Otherwise, Provide a verbose, comprehensive answer based solely on the information found in the provided contexts. Your output should of the form:
    Context: <comma separated array containing names of all contexts referenced in the answer>
    Answer: <answer to the question>
"""

def construct_prompt(query):
  output = template_hdr
  results = vectorstore.similarity_search(query,k=3)

  for i in range(len(results)):
    doc = results[i]
    output += f"""=== CONTEXT #{i} ===
    {doc.page_content}
    ===
    """
  output += f"""Question: {query}"""
  return output, results

def question(q):
  prompt, source_results = construct_prompt(q)
  response = ai(prompt)

  # parse the response
  context = ""
  answer = ""
  try:
    results = re.search(r'CONTEXT:\s*(.*?)\s*ANSWER:\s*(.*?)$', response, re.DOTALL|re.IGNORECASE)
    context = results.group(1)
    answer = results.group(2)

    found_answer = answer.lower().strip != "not found."

    # parse the context
    if found_answer:
      sources = context.split(",")
      sources = [element for element in sources if (not element.isspace() and element)]
      sources = [re.search(r'([0-9])', src).group(1) for src in sources]
      sources = [int(s) for s in sources]
      sources = [source_results[i] for i in sources]
    else:
      sources = source_results   

    output = f"""
    <h2><div style="width:800px">{answer}</div></h3><br>
    <h4>
    Sources:
    """

    for source in sources:
      output += f"""<div><h3><b>{source.metadata['source']}</b></h3></div>
      <i><div style="background-color:#333;margin-bottom:32px">...{markdown.markdown(source.page_content)}...</div></i>
      """
    
    display(HTML(output))
  except Exception as e:
    if (re.search("not found", response, re.IGNORECASE)):
      display(HTML(f"""<h2>No answer found</h2>"""))
    else:
      print("EXCEPTION!", e)
      print(prompt)
      print(response)
      print(context)
      print("\n\n\n", response)

In [10]:

# Leave policy
#question("How much PTO do I get?")
#question("How do I file time off?")

# Travel policy
#question("I'm very tall. What are my options for flights?")
#question("What's our policy re: Covid-19?")

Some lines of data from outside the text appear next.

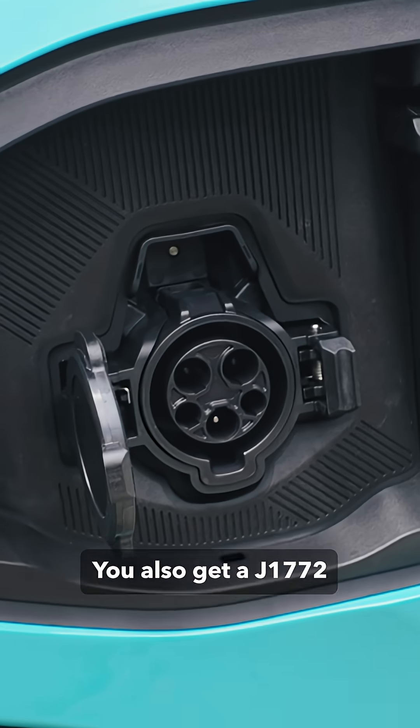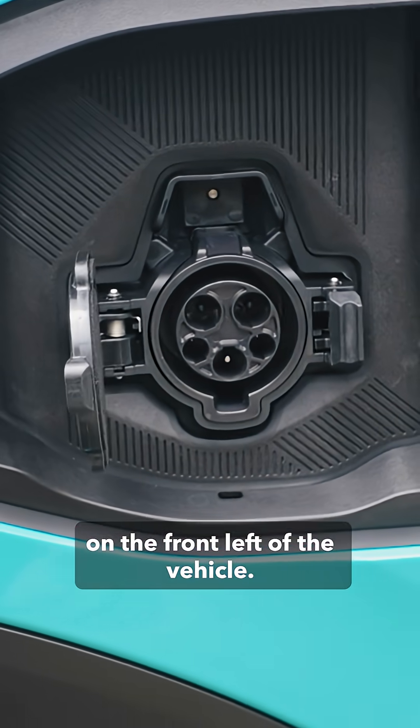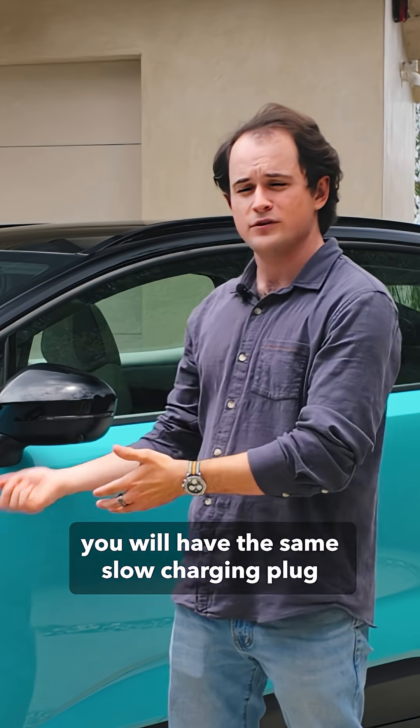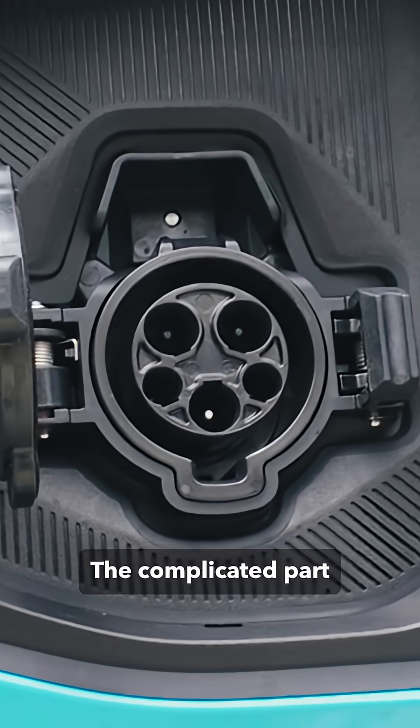You also get a J1772 slow charging port on the front left of the vehicle. That means if you already have a Nissan Ariya or pretty much any other CCS-equipped vehicle, you will have the same slow charging plug that's at your home or maybe at your office.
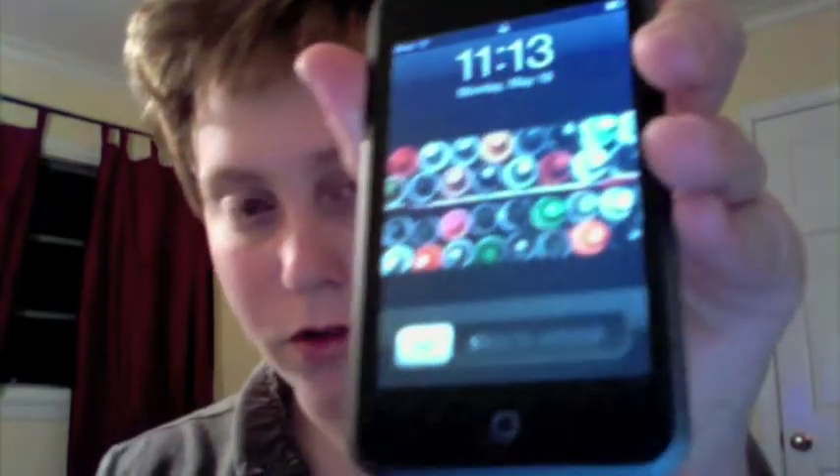Hey guys, it's Michael here today. I'm going to do a little app review on my iPod Touch 1G.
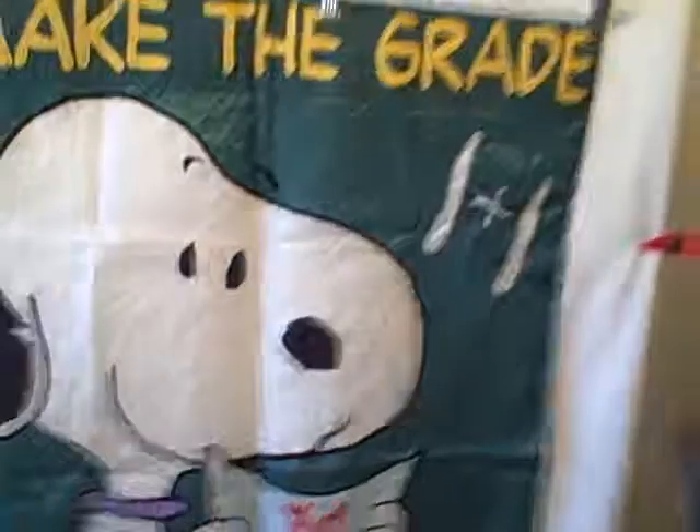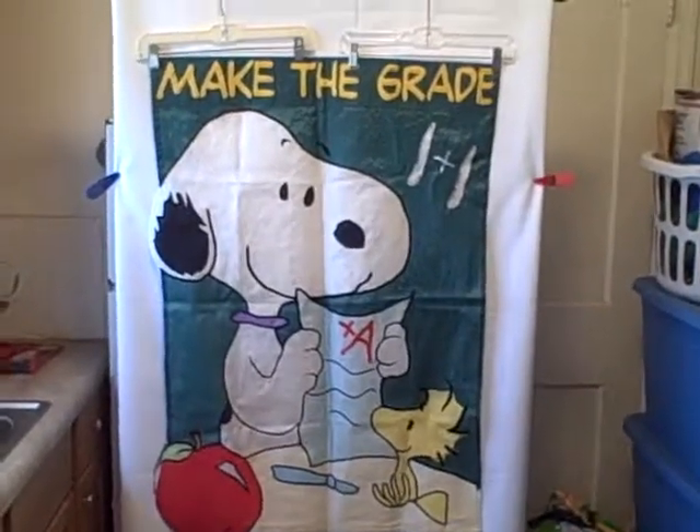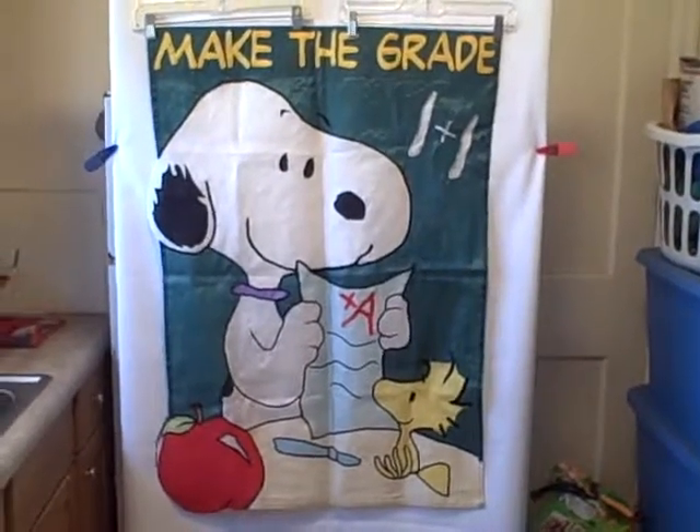But like I said, real nice shape — garden or teacher flag, whatever you want to call it. 'Make the Grade,' Snoopy. Thank you.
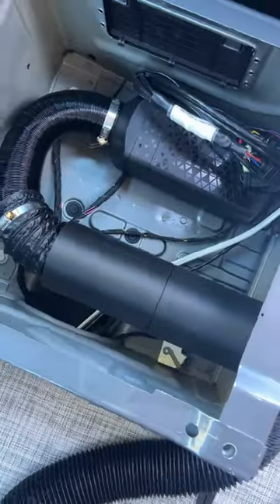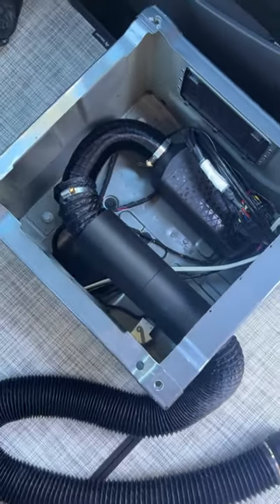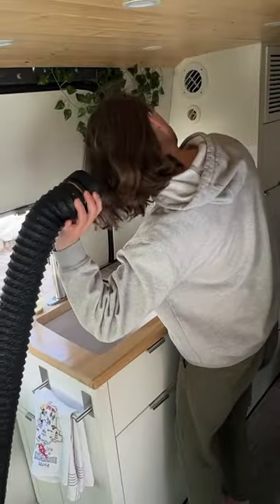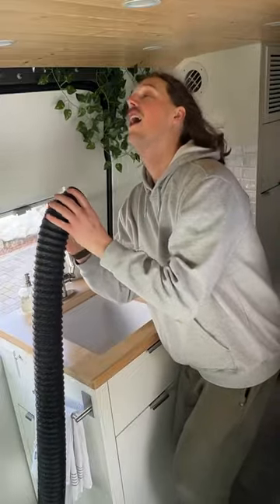It can be installed on pretty much any diesel heater with enough room for the tube canister, and you can basically pull it out to redirect the heat anywhere that you want it to go. You can even use this extendable vent as an off-grid hairdryer because of how hot the heat it puts out.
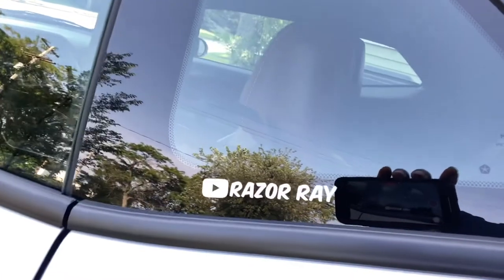Finally at the crib, fresh off work. Actually, I forgot to show y'all — this really is the first mod I done did to the car. Hooked it up with the Razor Ray YouTube tag. I got a much bigger one I'm gonna do later. I'm gonna put it on the back of the car so when I'm driving, people can see me and I might get some more subscribers just by having it on the back of the whip.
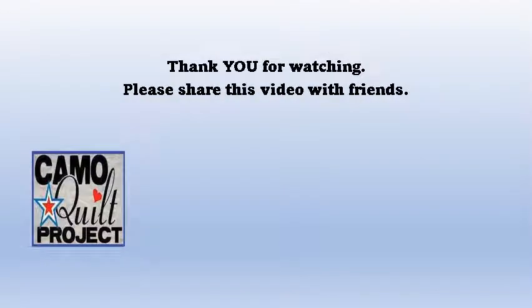Thank you for watching and listening, and thank you for making fidget mats and fidget purses.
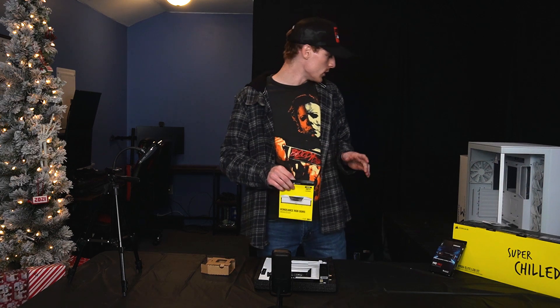We'll get to wire management later. The next step is the power supply. I went with a 1000 watts — because why not, plenty enough. Let's unbox this and get it in there. It fits like a glove — let's get it screwed into place. We've got the wiring and everything done now, so we're moving on to the money maker: the graphics card.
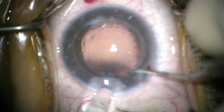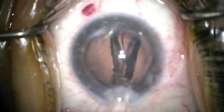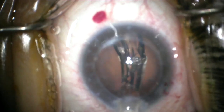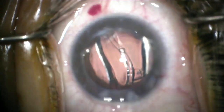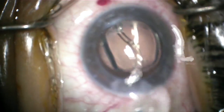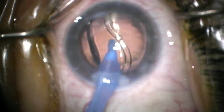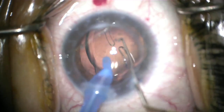I like to use an angled McPherson to provide counter traction. This is the pre-loaded Tecnis lens — I find they inject fairly well. You can center the lens using the injector as well. Sometimes with these pre-loaded lenses the haptics tend to stick together. I find that when I go in to remove the viscoelastic, just a gentle nudge on these haptics, sometimes even with a second instrument, will help to let them unfold.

# Unknown (not answered in DB)
#question("Are chainsaws ok?")
#question("When do paychecks arrive?")

# Hiring
#question("How do I submit someone for a referral?")
#question("Is there a referral bonus?")

# Legal
#question("How do I create a NDA?")
#question("Is there an bonus awarded for getting a patent?")

# Promo
# question("What dates are promotions finalized?")
# question("What are the levels in the career ladder?")

# Culture
# question("What are the cultural values at Gitlab?")

# Problematic questions
# question("Where should decisions made in a meeting be captured?") # includes extraneous information board meetings.
# question("What happens when the NDA is rejected?") # Nonsense answer.